When enabled, the planner internally builds a native adapter via:

penguiflow.llm.create_native_adapter(...)

`create_native_adapter(...)` input shape¶

create_native_adapter accepts:

a string model id: "openai/gpt-4o" (example format), or
a config mapping:
required: {"model": "..."}
optional: {"api_key": "...", "base_url": "...", ...}

Any extra keys in the mapping are forwarded as provider kwargs.

Structured output and schema mode behavior¶

The planner requests structured output through response_format (commonly json_schema).

The native adapter:

normalizes schemas for stricter validators (e.g. ensures object roots),
may downgrade structured mode when a provider rejects a schema (e.g. json_schema → json_object → text).

If your provider frequently downgrades, you will see increased invalid JSON/repair traffic at the planner layer.

Native reasoning integration¶

Planner configuration:

use_native_reasoning=True (default)
reasoning_effort="low" | "medium" | "high" | None (provider/model dependent)

When enabled and supported, the adapter can call the planner’s reasoning callback during streaming. This is used only for observability; the planner action schema remains JSON-only.

Operational defaults (recommended)¶

Keep temperature=0.0 for planners.
Keep json_schema_mode=True unless your provider cannot handle it.
Set aggressive timeouts (llm_timeout_s) and bounded retries (llm_max_retries) per SLO.
Enable stream_final_response=True only when you have an event sink that can handle chunk volume safely.

Failure modes & recovery¶

Provider rejects response_format / JSON schema¶

Symptoms

repeated invalid JSON repairs
logs indicating response_format downgrade

Fix

simplify tool schemas (fewer nested objects, fewer unions)
reduce catalog size and ambiguity
if needed, set json_schema_mode=False temporarily (expect more repair traffic)

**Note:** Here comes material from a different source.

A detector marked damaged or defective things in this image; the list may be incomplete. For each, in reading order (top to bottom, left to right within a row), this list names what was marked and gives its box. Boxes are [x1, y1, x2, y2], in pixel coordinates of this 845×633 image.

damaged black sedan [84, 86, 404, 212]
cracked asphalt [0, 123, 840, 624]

System/developer message ordering issues¶

Some providers are sensitive to system messages not being first. The native adapter applies provider-specific normalization, but you should still keep system prompts consistent and avoid dynamic system-message insertion outside the planner.

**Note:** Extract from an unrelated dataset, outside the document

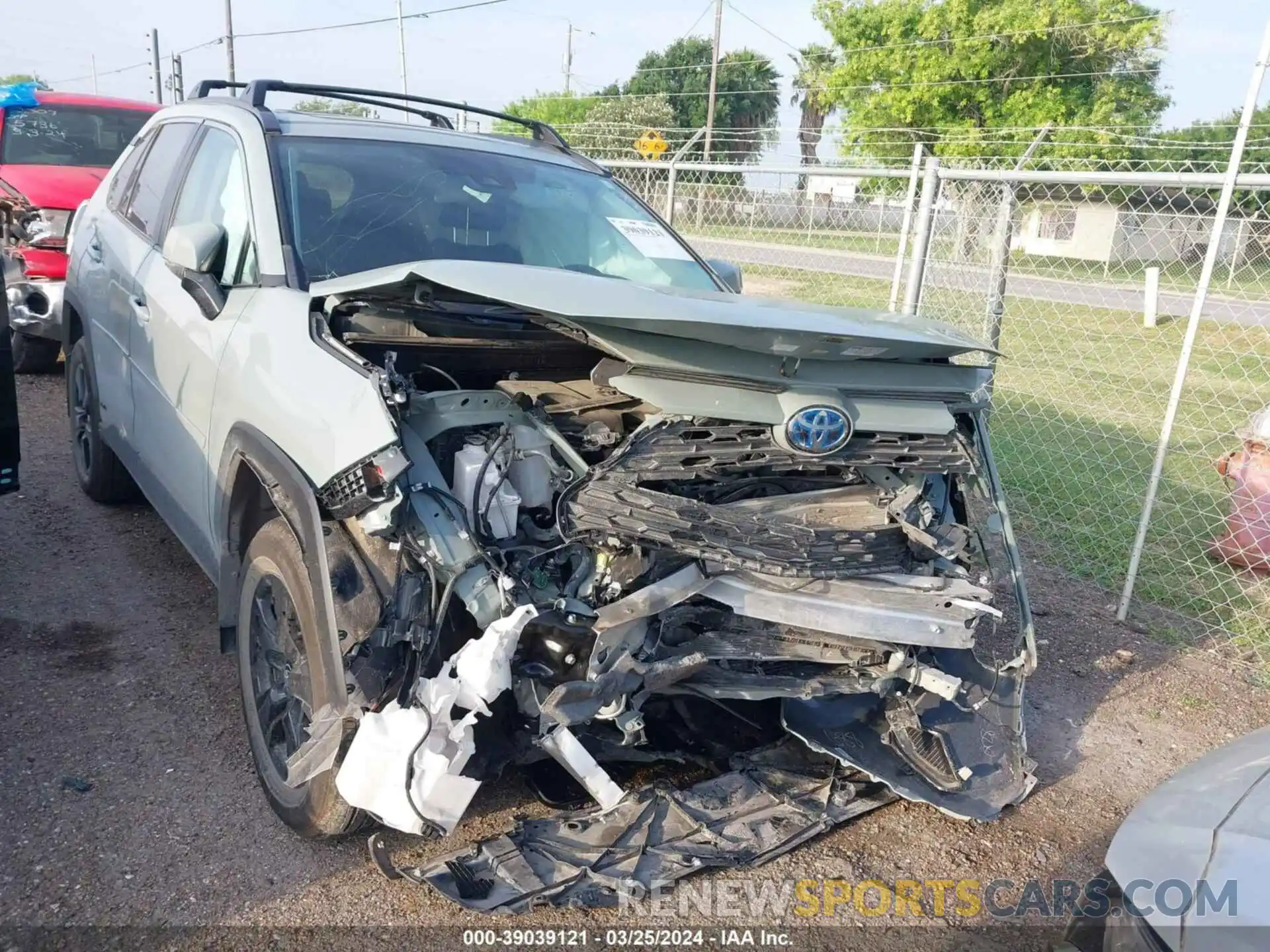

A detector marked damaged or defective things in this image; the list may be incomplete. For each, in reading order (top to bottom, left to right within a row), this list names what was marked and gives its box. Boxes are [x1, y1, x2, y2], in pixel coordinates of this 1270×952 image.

Reasoning callback never fires¶

Likely causes

provider/model does not support native reasoning
use_native_reasoning=False
streaming disabled for the call path

Observability¶

At minimum:

record PlannerEvent(event_type="llm_call") latency and retry counts
record whether schema mode was requested (json_schema_mode) and whether streaming was enabled
for incident debugging, log only redacted prompt/response summaries (not raw content)

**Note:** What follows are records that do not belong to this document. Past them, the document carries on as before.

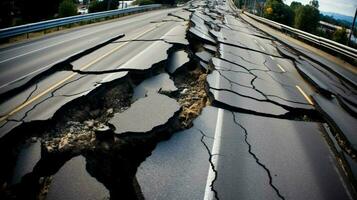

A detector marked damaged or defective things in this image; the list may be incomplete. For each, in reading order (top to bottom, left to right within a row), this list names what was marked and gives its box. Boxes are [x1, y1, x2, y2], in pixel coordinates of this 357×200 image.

broken concrete chunk [166, 50, 189, 74]
broken concrete chunk [132, 73, 177, 101]
broken concrete chunk [110, 94, 179, 134]
broken concrete chunk [46, 156, 109, 200]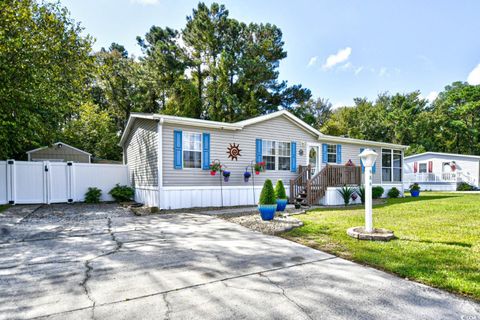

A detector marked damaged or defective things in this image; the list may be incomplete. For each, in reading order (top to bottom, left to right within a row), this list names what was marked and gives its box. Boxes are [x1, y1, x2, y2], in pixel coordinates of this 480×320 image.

driveway crack [260, 272, 314, 320]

See Planner observability.

Security / multi-tenancy notes¶

Do not place API keys or credentials into llm_context.
Prefer environment-variable based secrets and inject them into provider config at construction time (or via tool_context-held factories).
Treat model/provider configuration as tenant-controlled only if you have explicit allowlists; otherwise it becomes an injection vector.

Runnable examples¶

Native LLM usage requires provider credentials. Minimal planner example:

from __future__ import annotations

from pydantic import BaseModel

from penguiflow import ModelRegistry, Node
from penguiflow.catalog import build_catalog, tool
from penguiflow.planner import ReactPlanner, ToolContext


class EchoArgs(BaseModel):
    text: str


class EchoOut(BaseModel):
    text: str


@tool(desc="Echo", side_effects="pure")
async def echo(args: EchoArgs, ctx: ToolContext) -> EchoOut:
    del ctx
    return EchoOut(text=args.text)


def build_planner() -> ReactPlanner:
    registry = ModelRegistry()
    registry.register("echo", EchoArgs, EchoOut)
    catalog = build_catalog([Node(echo, name="echo")], registry)

    return ReactPlanner(
        llm={"model": "openai/gpt-4o"},
        catalog=catalog,
        use_native_llm=True,
        json_schema_mode=True,
        temperature=0.0,
    )

Troubleshooting checklist¶

Did you set use_native_llm=True (otherwise the LiteLLM path is used)?
Are your model ids provider-qualified consistently (openai/..., anthropic/..., etc.)?
Are you seeing schema downgrade logs (indicating provider incompatibility with the schema)?
Are you relying on native reasoning content for behavior (don’t; it is observability-only)?